Well I hear you say that’s all well and Good but is there any problem with forgetting all this tosh and clinging to my belief that the Bible is in fact completely free from any cultural, fallible human influences.

Is believing the Bible to be inerrant (by the definition above) then a bad thing?

Well, quite possibly, it is, if we are really going to follow the argument through because as we said right at the beginning of this sermon how we see the nature of God, which is our quest, has to be defined by that which we believe he does or did in the past and believing in the first doctrine of complete innerancy seems frankly to cause us some serious problems in this quest.   

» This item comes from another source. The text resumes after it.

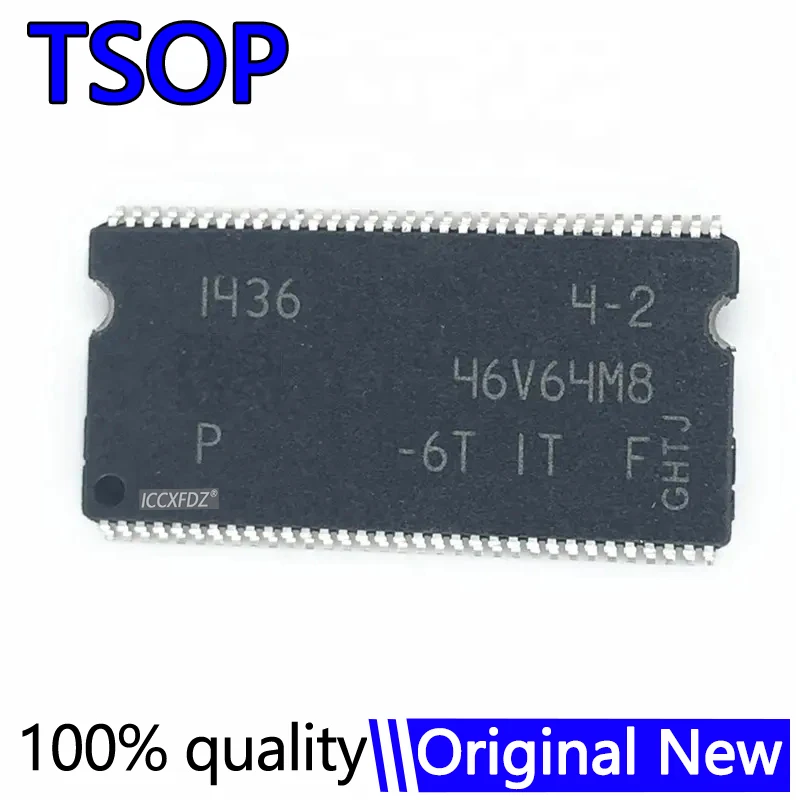 5~10Pcs/Lot 100%New original MT46V64M8P-6T IT:F MT46V64M8P-6TIT 46V64M8-6TIT 46V64M8 -6T IT IC DRAM 167MHz 512M PARALLEL TSOP66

 I led a Bible study once on Joshua chapter 6 :15--21 where the writer described how once Israel had conquered The City of Jericho they declared that God had commanded that it be ‘dedicated to him’ which to Joshua and the writer meant that the soldiers went in and basically massacred every one and every animal (which they duly did!) Mass murder basically, what we would call genocide today and I dared to suggest that perhaps this was not really what God had possibly wanted (I personally in the light of the New Testament don’t see God as one who would be too happy with the wanton slaughter of innocents, call me a sentimentalist if you like, but hey!) My suggestion was that rather than this actually being Gods will or actual command, it had been inspired in the writer’s and in Israel’s mind set by the cultural view of that day and situation, in which Israel at that time had seen their God, as the other surrounding nations did, as a God of War. The proof that Yahweh was the true God was if they won in battle. The command recorded as being from God to go forth and slaughter the innocents was in fact not from God at all but a record of how they saw God and of what they believed he would as a God of war have wanted.

Now this didn’t seem to me anyway to be too unreasonable a suggestion, my mistake, as a number of the Good and true stood up and harangued me off the podium as a heretic. Unbelievable, but you get my point.

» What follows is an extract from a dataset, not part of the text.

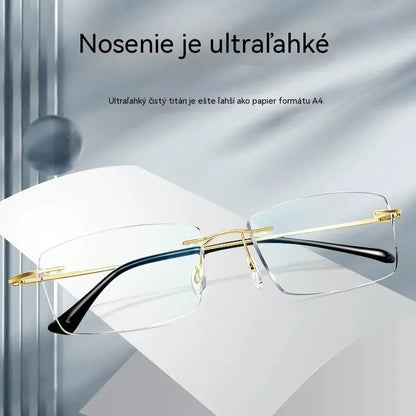 👓 Vysoce kvalitní, ultralehké, bezrámové, profesionální brýle s vysokým rozlišením a ochranou proti modrému světlu - unisex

If you are prepared to believe that the Bible was written without any influence from the culture and insight of those who wrote it then you must also believe that God actually ordered this and other Genocides recorded in the Bible which in turn must lead you to ask yourself who is this God whom you worship? And How does this image of God accord with the God who we are told in the New Testament is Love?

Scripture is inspired of course, it is exactly what it says it is ‘God Breathed’ but I would suggest, it is also the product of a partnership;

We should see the Bible as a treasure of Truth, but also as what it purports to be. That is a Revelation (revealing) of God written by a number of creative, honest, and devout men working in relationship to and with God by the presence of his Holy Spirit to produce a most Holy collection recording Gods new revelation to the world.

A revelation which contains the influence of all parties involved, a book to be understood for the wonderful thing it is without pretending that it is something that it isn’t, for to do that causes huge difficulties in our quest to understand who God is, and actually lessens the real impact that it should have on our lives.

The task of Biblical study is then to look for God within the revelation we have been given and to do that with the help of those who wrote the Bible who themselves were also looking for God and with prayer that God might Guide us into all truth.